2. God will punish sin

2 “From among all the families on the earth, I have been intimate with you alone. That is why I must punish you for all your sins.”

Sin is not primarily naughtiness – doing wrong things. The heart of sin is revealed in this verse: I have been intimate with you alone. That is why I must punish you for all your sins.

It is the broken relationship between us and God. That is the heart of sin: the upraised rebellious fist against our true King. The wife prostituting herself.

Now this kind of verse might be weird for those of us raised on a diet of gentle Jesus meek and mild, and “be good and Jesus will love you”. What a load of unbiblical rubbish. God reveals Himself in the Bible to be a HOLY GOD. And his goal for us is holiness. To be like Him. Not primarily happiness, not comfort, not an easy life – but holiness. Reflecting back to him his glory. Living for Him. Obedient to him. Living as his beloved children.

And our unholiness will be punished. It is against the laws of the universe. It doesn’t fit. It leads to deep unhappiness, to verse 10 “My people have forgotten how to do right,” says the Lord. “Their fortresses are filled with wealth taken by theft and violence.

The fruit of unholiness. The result of sin.
And because God loves us, because we are his, he will punish us. How? He will send disaster upon the city.

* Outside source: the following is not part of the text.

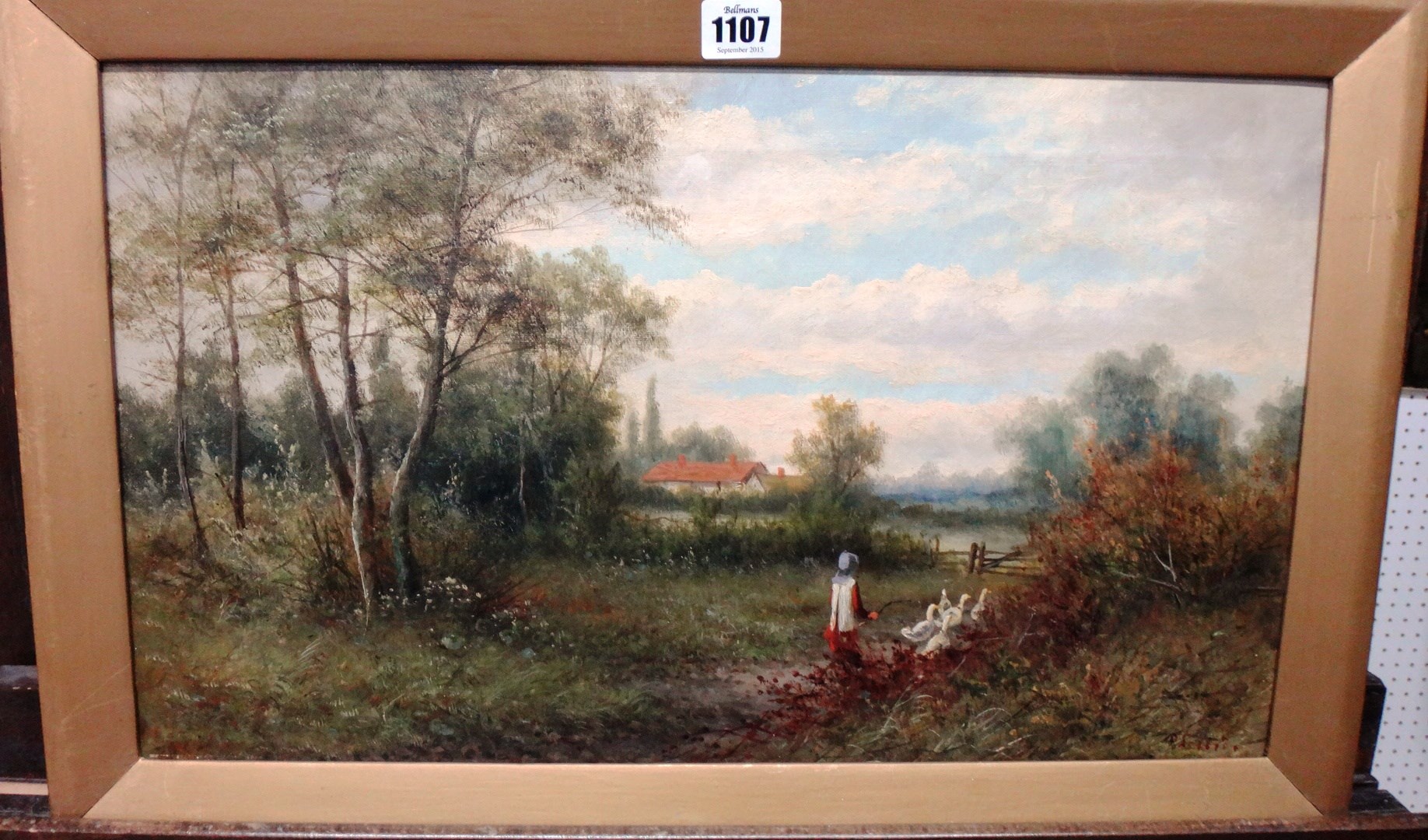 Appraisal: English School c A goose girl in a landscape oil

6 Does disaster come to a city unless the Lord has planned it? 7 Indeed, the Sovereign Lord never does anything until he reveals his plans to his servants the prophets. 8 The lion has roared— so who isn’t frightened? The Sovereign Lord has spoken— so who can refuse to proclaim his message?

Disaster strikes! Why? To wake us up to the eternal danger we face. We, like Israel, have forgotten to do what is right. The Lord is calling witnesses to observe the chaos and oppression in our lives, in our thoughts, in our relationships. That which we seek to keep hidden, to keep out of sight - that deep longing or knowledge that things are not as they should be.
As Morpheus says to Neo in the Matrix “Let me tell you why you're here. You're here because you know something. What you know you can't explain, but you feel it. You've felt it your entire life, that there's something wrong with the world. You don't know what it is, but it's there, like a splinter in your mind, driving you mad. It is this feeling that has brought you to me.”

That feeling drives us to God. That knowledge that something is wrong with the world, something is broken, this is not the way things should be. We were designed for intimacy with our God. Instead we have a broken relationship with God.

So the lion is roars, loud enough for us to hear! Will we listen? Disaster strikes. Will we understand?

I remember once walking with my best friend Grant when I was a teenager. Suddenly he stepped into the road to cross – but what he didn’t see was a car that had just come speeding around the corner (he didn’t see it because he had turned to talk to me). I lurched forward and grabbed him quite roughly and flung him out of the way. I saw his facial expressions – pain, anger, and then shock as the car sped past where he had just been standing, and finally relief and gratitude. “You saved my life!” he said. Probably not – I think the car had seen him. But maybe not. The point of this little story is that the pain of me grabbing him and throwing him to the ground was so worth it compared to being smashed by a car!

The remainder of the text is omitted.